# Questions about the Timbrens



## Roger Dodger (Nov 8, 2002)

I would be sad if wyldman didn't respond here since he seems to support Timbrens in many threads. My questions are this:
1. To me, it looks as if they merely control sag; if so then
I wonder if the ride is harsh or a limited suspension travel from such a device whether the plow is on or off the truck? The last thing I need is a stiffer ride since the truck is factory setup for 8800lb GVWR and includes the higher number front coil springs as part of the plow prep pkg..

I was going to install the Daystar front leveling kit to boost 2" which would offset the bit of droop from the plow. The droop isn't too bad since there are #38 (passenger) #39(driver) coil springs on the truck now. 
2. A front end alignment doesn't appear to be necessary from the Timbrens versus the leveling kit... right?

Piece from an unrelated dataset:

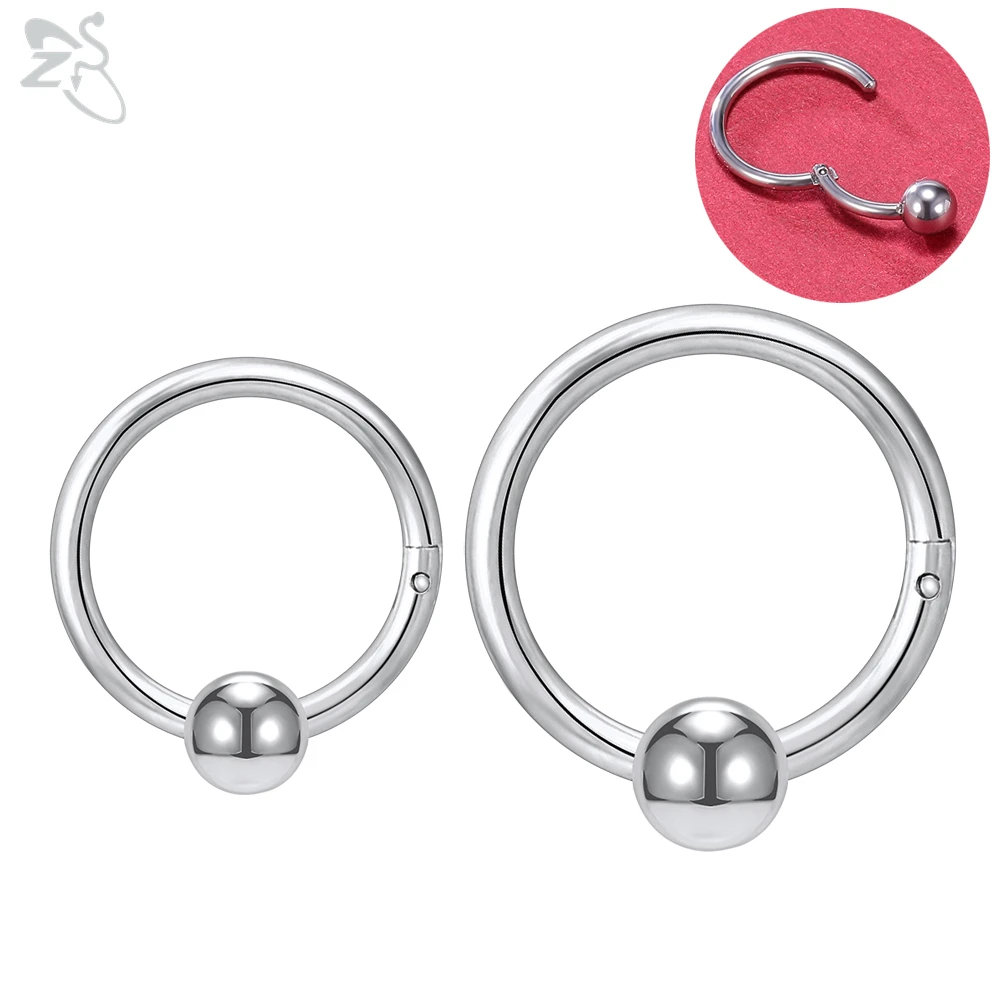 

ZS 1 PC Round 316L Stainless Steel Nose Ring Men 16G Septum Clicker 8MM/10MM Punk Rock Ear Helix Septum Rings Piercing Jewelry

Any feedback on the better way to go between the two? Thanks.


----------



## HerkFE (May 13, 2002)

I have had Timbrens on two of my trucks, both Ford F-250's. You are correct, they really only provide sag control, however that is exactly what I was looking for. Without a plow on the suspension is unaffected, but mount the plow and the front of my trucks would dip, as anyone would expect. By installing the Timbrens I offset the effects of the plow weight for a ride height that was virtually the same as without the plow. I believe it really helped to save the springs/suspension and steering components on my trucks. For their minimal cost and super ease of installation I think they are one of the best products a truck can use when carrying a plow.


----------



## Mike 97 SS (Aug 11, 2002)

Besides just controlling sag, they make the truck ride a great deal better with the plow on and raised. When driving down the street hitting bumps in the road, the truck feels much more stable and doesnt bounce up and down uncontrollably. With the plow off, the original ride is unaffected, rides the same way it did before. This of course is all true with my particular truck. I cant say what the affects would be for a Dodge or Ford, or even a different Chevy truck for that matter. In my oppinion, they were well worth the money spent on them. Mike :waving:


----------



## GMC99 (Sep 6, 2002)

I just installed a set on my 2500 ram, really easy to put on, with the plow raised you can't see a difference from normal. I actually think the truck rides better when the plows off, whenever Id hit a bump in the road before i installed them my coffee would be all over the place, after i installed them it dosen't do it anymore! And comparing the price of other load systems, the $150 dollars I spent was tons cheaper.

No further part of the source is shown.